As medidas foram anunciadas durante cerimônia no Palácio do Planalto que marcou os 100 dias do Pacto Nacional Brasil Contra o Feminicídio.

Pacto contra o feminicídio

O pacto foi lançado em fevereiro pelo governo federal, Congresso Nacional e Poder Judiciário, e prevê atuação conjunta dos Três Poderes para prevenir a violência contra meninas e mulheres no país.

A iniciativa reconhece a violência contra mulheres como uma crise estrutural e busca ampliar ações de prevenção, proteção às vítimas e responsabilização de agressores. Segundo dados apresentados durante o evento, cerca de 70% das agressões contra mulheres no Brasil acontecem dentro de casa.

Regras para plataformas digitais

O decreto determina que as plataformas atuem para conter situações de violência online, especialmente em casos de divulgação de imagens íntimas sem consentimento, inclusive conteúdos produzidos por inteligência artificial, além de ameaças, perseguições e assédio coordenado.

As empresas deverão disponibilizar canais permanentes e de fácil acesso para denúncias de conteúdos íntimos divulgados sem autorização. O material deverá ser removido em até duas horas após a notificação da vítima.

As plataformas também terão a obrigação de preservar provas e informações necessárias para investigações e responsabilização dos autores. Outra medida prevista é a obrigatoriedade de informar, nos canais de denúncia, sobre o Ligue 180, Central de Atendimento à Mulher.

O decreto ainda amplia o combate às chamadas deepfakes sexuais, proibindo o uso de inteligência artificial para criação de imagens íntimas falsas ou sexualizadas de mulheres.

Balanço das ações

Durante a cerimônia, o governo apresentou um balanço das ações implementadas nos primeiros 100 dias do pacto.
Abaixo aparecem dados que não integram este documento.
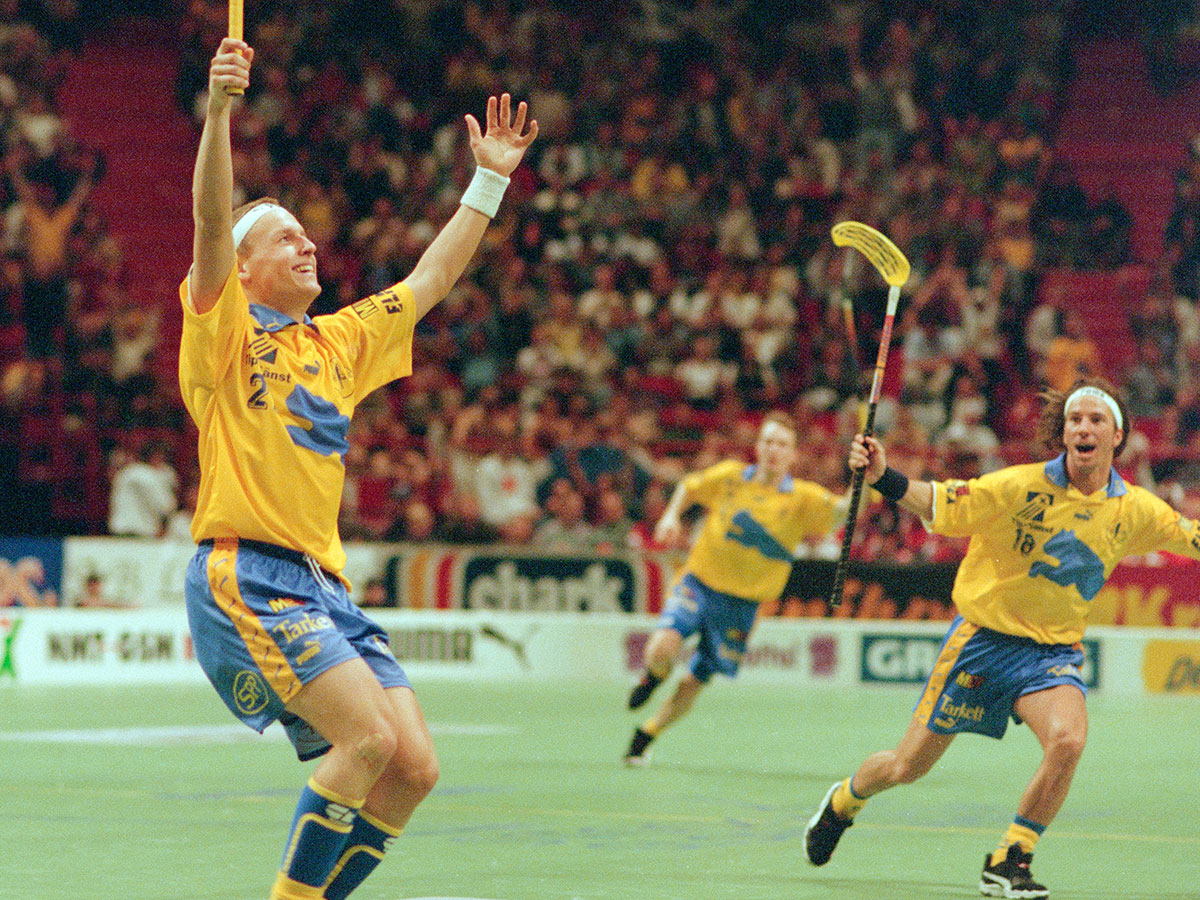 Podcast Från Ribbstolar Till Globen Avsnitt 5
A Operação Mulher Segura alcançou os 27 estados e 2.615 municípios, resultando em mais de 6 mil prisões de agressores e no acompanhamento de mais de 30 mil medidas protetivas.

No Judiciário, houve redução no tempo de análise das medidas protetivas de urgência. Atualmente, mais da metade das decisões são tomadas no mesmo dia do pedido da vítima e 90% são analisadas em até dois dias.

No Legislativo, também foram aprovadas medidas como a obrigatoriedade do uso de tornozeleira eletrônica por agressores e a inclusão da violência vicária entre as formas de violência doméstica.